=== Task prompt ===
Give the lines below again, exactly as they stand, and leave out the images.

=== Recorded data ===
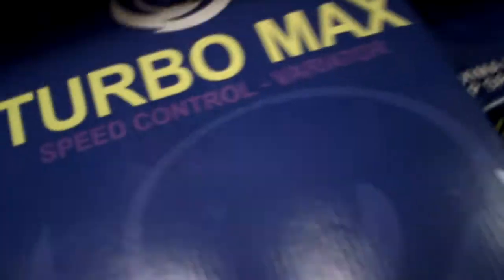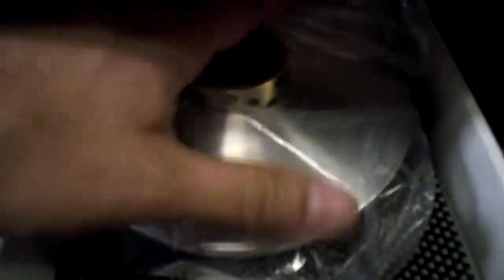I've shown these and there are several videos showing the TurboMax variators. They come in the package with cylindrical sliders — you can see them there in the edge. I have several other videos on how they work. They have the cover and they're not the same as a regular variator.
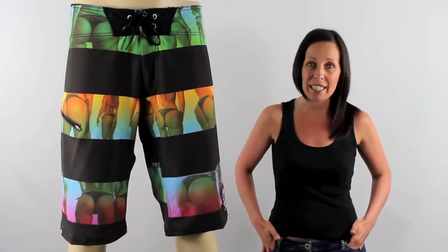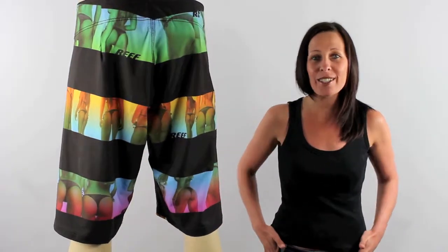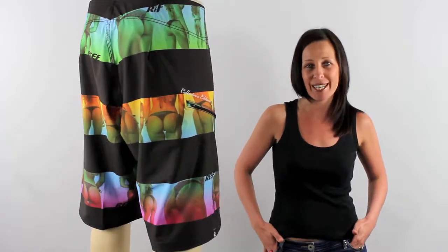They've also got Reef's ridiculously comfortable waistband so they're a real comfortable pair of boardies. As you can see they come in this great relaxed fit, 22 inches in length so generally fall on the knee there. Need I say any more? I'm sure you're going to turn some heads wearing these boardies.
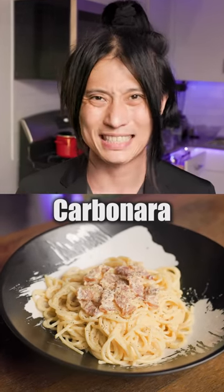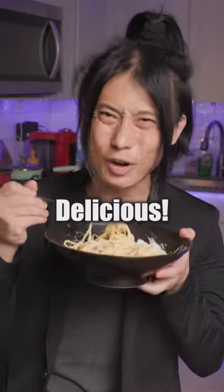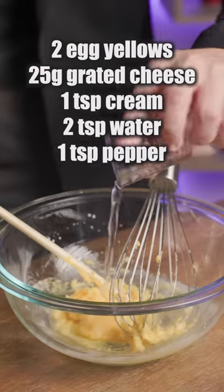Japanese people love making pasta. So here's my take on the carbonara. Oishi! Put in a bunch of these ingredients into a bowl, mix between each, and a dash of soy sauce, which makes it kind of Japanese.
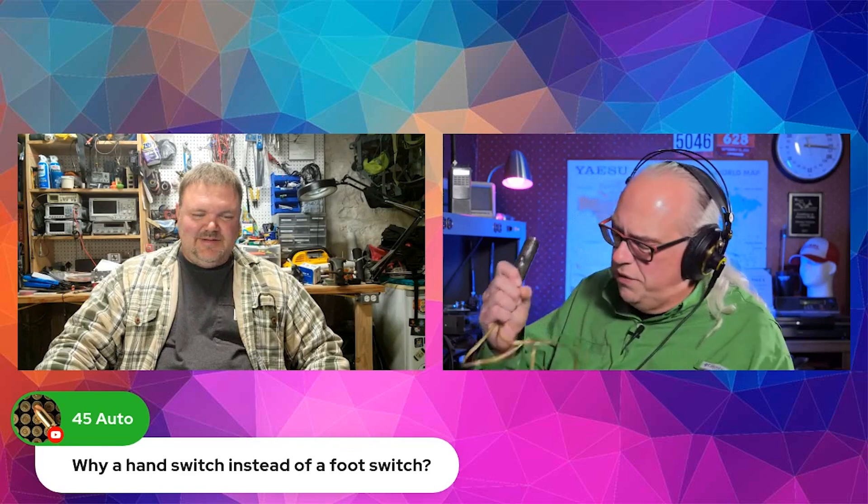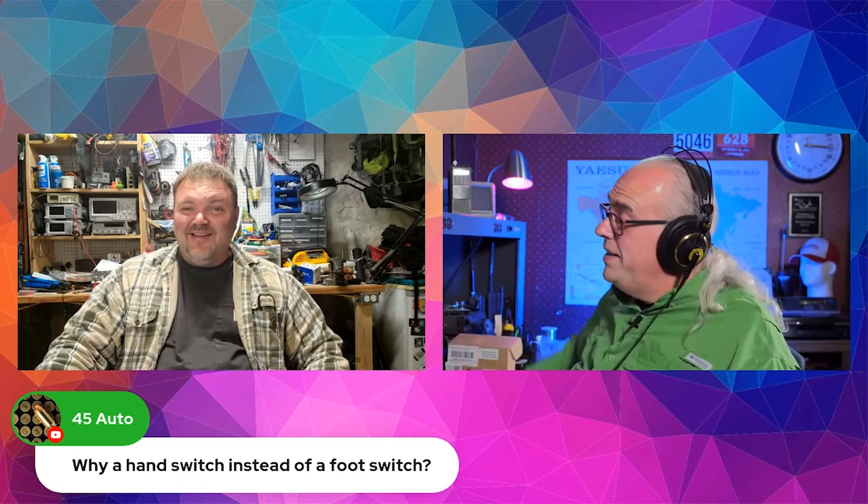Someone asks, why use a hand switch instead of a foot switch? I like the hand switch in the field because it's right there on the table or in my lap. With the foot switch, you've got uneven ground, mud, dirt, whatnot, and snow. If I'm inside the car, it's hard to position — is it the foot pedal or is it the gas pedal? I just find the hand switch a lot more convenient to use outdoors. I've got a foot switch, and when I'm indoors running with the headset, I'll use the foot switch because then I can have both hands on the keyboard. But outside, I prefer the hand switch. So I guess that's just a personal preference kind of thing.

=== Answer space ===
I've shown these and there are several videos showing the TurboMax variators. They come in the package with cylindrical sliders — you can see them there in the edge. I have several other videos on how they work. They have the cover and they're not the same as a regular variator.
They've also got Reef's ridiculously comfortable waistband so they're a real comfortable pair of boardies. As you can see they come in this great relaxed fit, 22 inches in length so generally fall on the knee there. Need I say any more? I'm sure you're going to turn some heads wearing these boardies.
Japanese people love making pasta. So here's my take on the carbonara. Oishi! Put in a bunch of these ingredients into a bowl, mix between each, and a dash of soy sauce, which makes it kind of Japanese.
Someone asks, why use a hand switch instead of a foot switch? I like the hand switch in the field because it's right there on the table or in my lap. With the foot switch, you've got uneven ground, mud, dirt, whatnot, and snow. If I'm inside the car, it's hard to position — is it the foot pedal or is it the gas pedal? I just find the hand switch a lot more convenient to use outdoors. I've got a foot switch, and when I'm indoors running with the headset, I'll use the foot switch because then I can have both hands on the keyboard. But outside, I prefer the hand switch. So I guess that's just a personal preference kind of thing.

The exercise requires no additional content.